Method	Returns	Speed	Use when
`agg`	One row per group	Fast (C)	Summarizing groups into a feature table
`transform`	Same shape as input	Fast (C)	Adding group stats as columns to original df
`apply`	Flexible	Slow (Python loop)	Custom logic unavailable in agg/transform

GroupBy with multiple keys

# Groupby on two columns - creates a MultiIndex
cat_stats = transactions.groupby(['user_id', 'category']).agg(
    spend = ('amount', 'sum')
).reset_index()

# Pivot to wide format: one column per category
cat_wide = cat_stats.pivot_table(
    index='user_id',
    columns='category',
    values='spend',
    fill_value=0,
    aggfunc='sum'
)
cat_wide.columns = [f'spend_{c}' for c in cat_wide.columns]
cat_wide = cat_wide.reset_index()

# Join back to main table
enriched = transactions.merge(cat_wide, on='user_id', how='left')

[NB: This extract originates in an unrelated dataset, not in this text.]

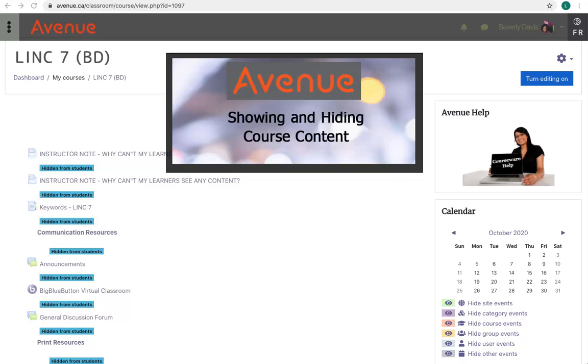Showing and Hiding Course Content. The Avenue courseware is distributed with the topics or sections hidden, and all activities within the topics are also hidden from learners. Before using the courseware with learners, instructors need to make the course content visible. As courses are being taught, instructors may also want to hide topics and content in the courseware that they are not using.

Merge features back correctly

# Left join - preserves all rows in transactions
enriched = transactions.merge(user_stats, on='user_id', how='left')

# But watch out - if computed on all data, this leaks future transactions!
# For time-series: compute aggregations on past data only (see shift pattern above)

Merging Strategies: Join Types, merge_asof, and Many-to-Many

Standard join types and their ML implications

users = pd.DataFrame({
    'user_id': [1, 2, 3, 4],
    'age': [25, 30, 35, 28],
})
purchases = pd.DataFrame({
    'user_id': [1, 1, 3, 5],
    'purchase_amount': [100, 200, 50, 80],
})

# Inner join - only users with purchases (can bias toward active users)
inner = users.merge(purchases, on='user_id', how='inner')
# Rows: 3 (users 1, 1, 3 - user 5 dropped since not in users table)

# Left join - all users, NaN for those with no purchases
left = users.merge(purchases, on='user_id', how='left')
# Rows: 5 (user 4 gets NaN for purchase_amount)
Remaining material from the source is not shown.